神戸文学館の小松左京展を見た2011年09月12日

 所用で関西に行ったので、足を伸ばして小松左京展を見てきた。
 小松左京展は、JR灘駅から徒歩10分弱の神戸文学館で開催されている。開催期間は2011年7月22日から9月25日まで。小松左京展開催中の7月26日に小松左京氏は亡くなった。

 東京からは遠いので、小松左京展に行くことは考えていなかった。たまたま関西に行くことになり、チラシを確認するとまだ開催中なので、見に行くことにしたのだ。

 私は関西での居住経験はなく、JR灘駅で下車したのも初めてだった。知らない町をのんびりと歩くのは、何となくワクワクして気分が高まる。

 日曜日の午前中のせいか人通りはまばらだ。駅前の坂道を上がって行き、小さな動物園を左折してしばらく行くと、神戸文学館にたどりついた。赤煉瓦に三角屋根の瀟洒な建物だ。いかにも神戸風である。ひっそりとたたずんでいて看板も目立たない。教会を思わせる大きな木製のドアを自ら開けて館内に入る。だれもいない。受付もない。館内はさほど広くはない。

 小松左京展は入場無料だ。展示ゾーンの一角が小松左京展になっていた。さほど大規模な展示ではない。生原稿、ノート、古い掲載誌などとともに、パネル写真が何枚も展示されていた。

 やがて、私以外にも何人かの入場者がやって来たが、館内は静かだ。ふと、西東三鬼の『神戸』を思い出した。第二次大戦下の神戸のホテルの浮世離れした不思議な世界を連想したのだ。神戸文学館の常設展示ゾーンには神戸に多少でもゆかりのある文学者を紹介していたが、西東三鬼はなかったような気がする。私の見落としかもしれないが・・・

 この不思議な雰囲気の空間で開催されている小松左京展で私が最も面白く思ったのは、昔のSF作家クラブの記念写真だ。温泉旅行の写真で、旅館の「歓迎 日本SFサッカークラブ様」という大きな看板を真ん中に若い作家たちが写っている。

 「日本SF作家クラブ」を「日本SFサッカークラブ」と勘違いされたという有名なエピソードは、何度か読んだことがある。だが、現物の写真を見たのは初めてで、その看板の大きさと迫力に圧倒され、笑いがこみあげてきた。
 それにしても、この写真に写っている日本SF作家第1世代の人々(小松左京、星新一、筒井康隆、光瀬龍、眉村卓、豊田有恒・・・)は、みんな本当に若い。サッカー選手には見えないが、日本SFの青年期を彷彿させる。こんな写真を、静かな浮世離れした空間で眺めていると、タイムスリップ感覚におそわれる。

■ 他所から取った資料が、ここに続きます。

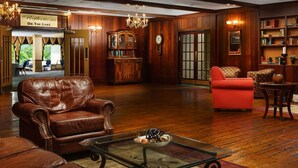 Una habitación acogedora con paneles de madera, sillones de cuero, una chimenea y una estantería llena de libros.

 神戸文学館を出て、だらだらとした坂道をJR灘駅に向かって下っていくとき、筒井康隆氏の短編「平行世界」が頭に浮かんだ。阪神地域と思われる坂道の町が同じ地形が無限に連続する異世界に変貌する印象深い小説だ。
 小松左京氏の小説ではなく筒井康隆氏の小説が頭に浮かんだのは故人に申し訳ない気もするが、小松左京展に触発されて頭がSFモードになっていたのだ。おそらく、本日は小松左京氏の四十九日だと思う。あらためて合掌。